吹奏楽の曲のタイトルは、○○序曲がやけに多い。

その理由が前々から気になって仕方ないから、いつか誰か教えてほしい。

とリあえずスコアは受け取ったし、今日はもう帰ってもいいかな。

何より今日は、ピアノの伴奏を押し付けられて憂鬱なのだ。

そうだ、家に帰ったら早速練習しないといけない。

本当に憂鬱過ぎる。


…………あ。


そういえば、思い出した。

今わたしがいる準備室の隣、第2音楽室にも、グランドピアノが置いてあるのだ。

家は電子ピアノで、本物のピアノよりタッチが少し軽いから、できれば本物のピアノで練習して重さに慣れておきたい。
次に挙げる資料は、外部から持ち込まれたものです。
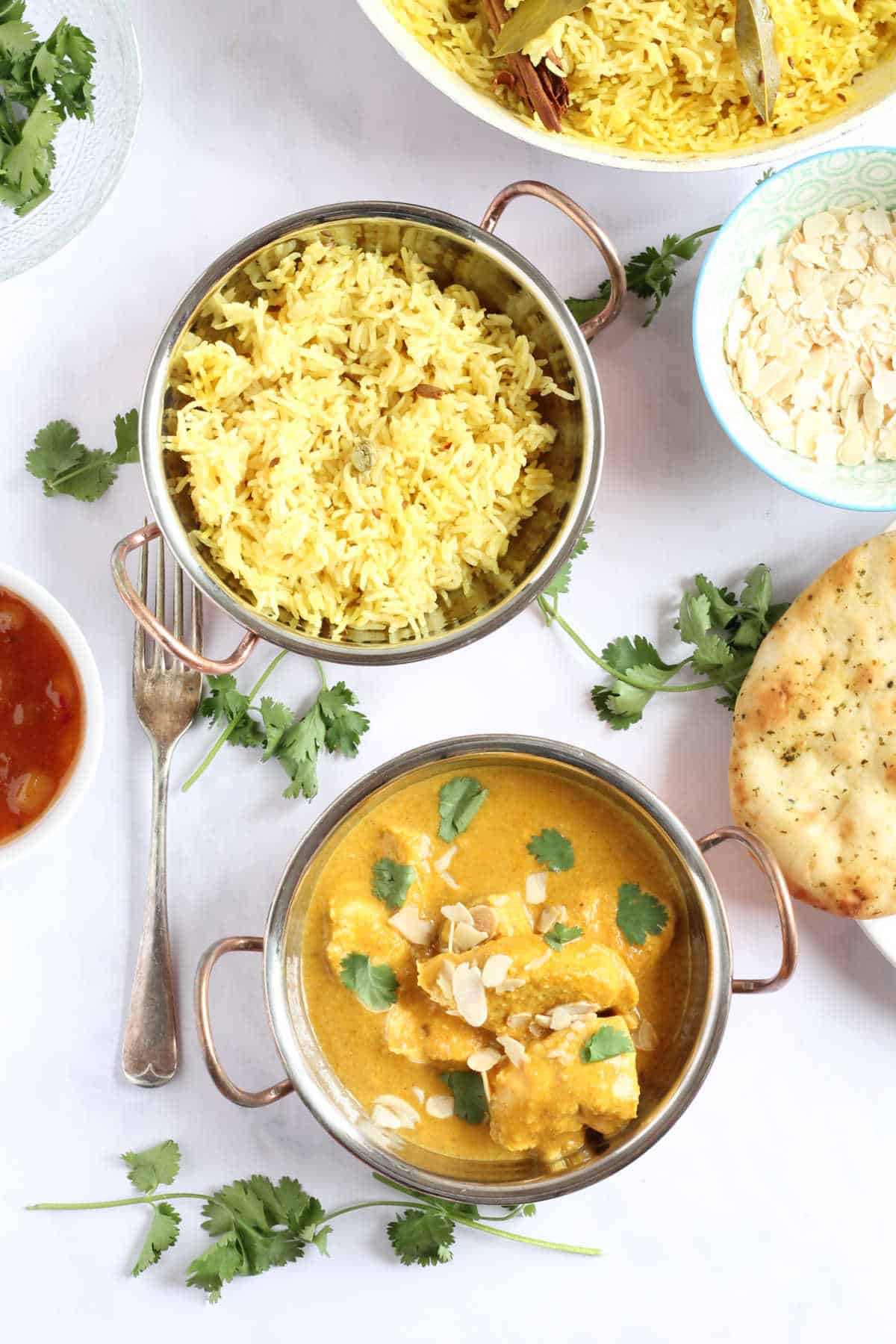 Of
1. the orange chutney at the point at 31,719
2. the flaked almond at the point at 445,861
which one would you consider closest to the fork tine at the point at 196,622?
the orange chutney at the point at 31,719

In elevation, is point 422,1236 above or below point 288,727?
below

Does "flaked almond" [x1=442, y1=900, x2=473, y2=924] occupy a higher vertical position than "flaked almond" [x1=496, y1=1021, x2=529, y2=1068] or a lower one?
higher

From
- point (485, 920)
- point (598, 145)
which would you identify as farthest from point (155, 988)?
point (598, 145)

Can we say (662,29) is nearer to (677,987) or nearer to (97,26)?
(97,26)

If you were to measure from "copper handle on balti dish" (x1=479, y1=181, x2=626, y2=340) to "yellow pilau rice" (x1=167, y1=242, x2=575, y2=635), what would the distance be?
0.14 metres

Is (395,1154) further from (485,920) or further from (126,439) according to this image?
(126,439)

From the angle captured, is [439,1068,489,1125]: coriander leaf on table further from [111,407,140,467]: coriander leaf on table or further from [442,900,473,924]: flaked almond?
[111,407,140,467]: coriander leaf on table

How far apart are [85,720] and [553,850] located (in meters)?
0.78

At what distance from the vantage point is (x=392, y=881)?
A: 1.85 meters

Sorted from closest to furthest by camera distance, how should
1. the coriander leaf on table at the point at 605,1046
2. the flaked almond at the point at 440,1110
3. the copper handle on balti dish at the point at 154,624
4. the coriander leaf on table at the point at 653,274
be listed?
the copper handle on balti dish at the point at 154,624
the coriander leaf on table at the point at 605,1046
the flaked almond at the point at 440,1110
the coriander leaf on table at the point at 653,274

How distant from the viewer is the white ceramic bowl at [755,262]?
1.83 m

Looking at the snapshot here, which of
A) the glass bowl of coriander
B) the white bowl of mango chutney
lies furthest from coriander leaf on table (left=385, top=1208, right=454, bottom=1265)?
the glass bowl of coriander

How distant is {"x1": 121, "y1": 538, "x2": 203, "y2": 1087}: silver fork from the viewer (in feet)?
6.43

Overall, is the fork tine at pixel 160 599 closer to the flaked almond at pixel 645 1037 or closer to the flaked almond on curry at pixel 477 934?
the flaked almond on curry at pixel 477 934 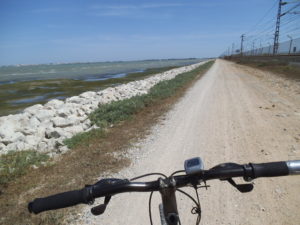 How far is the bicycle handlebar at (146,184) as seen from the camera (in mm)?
1279

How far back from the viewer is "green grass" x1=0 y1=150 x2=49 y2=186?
14.4ft

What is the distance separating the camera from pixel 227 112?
27.1 feet

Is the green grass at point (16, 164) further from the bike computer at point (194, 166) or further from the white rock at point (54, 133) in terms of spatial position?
the bike computer at point (194, 166)

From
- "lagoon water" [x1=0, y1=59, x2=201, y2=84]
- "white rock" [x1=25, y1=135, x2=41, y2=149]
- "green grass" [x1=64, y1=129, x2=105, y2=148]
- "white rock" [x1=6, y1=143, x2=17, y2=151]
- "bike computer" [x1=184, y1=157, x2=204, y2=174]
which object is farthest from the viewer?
"lagoon water" [x1=0, y1=59, x2=201, y2=84]

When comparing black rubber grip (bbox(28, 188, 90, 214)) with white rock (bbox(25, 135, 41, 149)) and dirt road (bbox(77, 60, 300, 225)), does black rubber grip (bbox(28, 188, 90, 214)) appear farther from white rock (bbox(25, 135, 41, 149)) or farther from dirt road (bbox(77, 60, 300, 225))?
white rock (bbox(25, 135, 41, 149))

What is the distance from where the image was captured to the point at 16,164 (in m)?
4.89

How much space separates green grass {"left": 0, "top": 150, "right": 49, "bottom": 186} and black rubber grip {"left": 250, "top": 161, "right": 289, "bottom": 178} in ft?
15.2

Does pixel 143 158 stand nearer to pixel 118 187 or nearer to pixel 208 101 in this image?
pixel 118 187

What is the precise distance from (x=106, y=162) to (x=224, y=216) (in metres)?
2.69

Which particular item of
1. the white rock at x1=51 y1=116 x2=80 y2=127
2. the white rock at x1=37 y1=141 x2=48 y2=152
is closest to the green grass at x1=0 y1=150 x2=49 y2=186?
the white rock at x1=37 y1=141 x2=48 y2=152

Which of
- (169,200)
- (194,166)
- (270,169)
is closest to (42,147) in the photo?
(169,200)

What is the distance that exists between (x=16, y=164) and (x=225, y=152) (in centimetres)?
479

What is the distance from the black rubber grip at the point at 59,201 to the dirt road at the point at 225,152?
203 cm

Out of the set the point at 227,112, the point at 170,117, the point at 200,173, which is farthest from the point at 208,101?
the point at 200,173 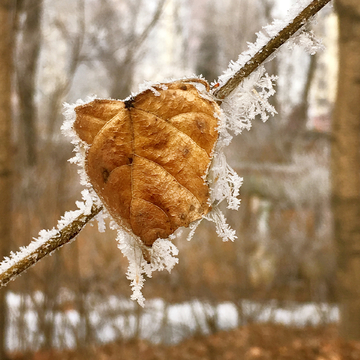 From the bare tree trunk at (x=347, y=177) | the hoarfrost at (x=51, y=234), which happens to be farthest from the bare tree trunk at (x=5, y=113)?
the bare tree trunk at (x=347, y=177)

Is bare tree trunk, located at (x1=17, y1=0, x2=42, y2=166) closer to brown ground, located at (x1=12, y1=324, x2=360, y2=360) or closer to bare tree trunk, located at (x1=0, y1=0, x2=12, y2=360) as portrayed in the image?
bare tree trunk, located at (x1=0, y1=0, x2=12, y2=360)

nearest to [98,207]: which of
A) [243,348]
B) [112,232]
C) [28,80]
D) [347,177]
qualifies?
[347,177]

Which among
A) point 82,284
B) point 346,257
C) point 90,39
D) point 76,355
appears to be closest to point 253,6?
point 90,39

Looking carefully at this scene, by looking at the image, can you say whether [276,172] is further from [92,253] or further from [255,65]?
[255,65]

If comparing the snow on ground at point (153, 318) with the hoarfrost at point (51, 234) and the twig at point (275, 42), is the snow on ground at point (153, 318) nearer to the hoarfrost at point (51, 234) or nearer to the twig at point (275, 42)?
the hoarfrost at point (51, 234)

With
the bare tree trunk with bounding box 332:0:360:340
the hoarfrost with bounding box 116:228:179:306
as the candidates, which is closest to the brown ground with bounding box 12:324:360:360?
the bare tree trunk with bounding box 332:0:360:340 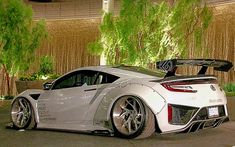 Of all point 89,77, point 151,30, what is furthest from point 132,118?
point 151,30

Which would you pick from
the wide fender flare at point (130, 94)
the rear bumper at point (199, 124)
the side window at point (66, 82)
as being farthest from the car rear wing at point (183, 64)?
the side window at point (66, 82)

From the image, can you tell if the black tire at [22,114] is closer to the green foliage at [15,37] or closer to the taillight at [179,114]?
the taillight at [179,114]

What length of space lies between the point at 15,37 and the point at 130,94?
10479 mm

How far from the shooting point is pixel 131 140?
6.82 m

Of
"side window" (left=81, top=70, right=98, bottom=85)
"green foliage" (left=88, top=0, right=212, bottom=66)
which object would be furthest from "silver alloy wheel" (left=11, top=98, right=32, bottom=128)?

本番は、もちろん体育館の舞台上にあるグランドピアノだもの。

第2音楽室も一応わたし達吹奏楽部の活動場所ではあるけれど、めったに使われることはない。

今日もみな第1音楽室で音出ししていて、パーカッションがここ準備室に集まっている。

隣にはきっと、誰もいないはずだ。

わたしは第2音楽室に移動することにした。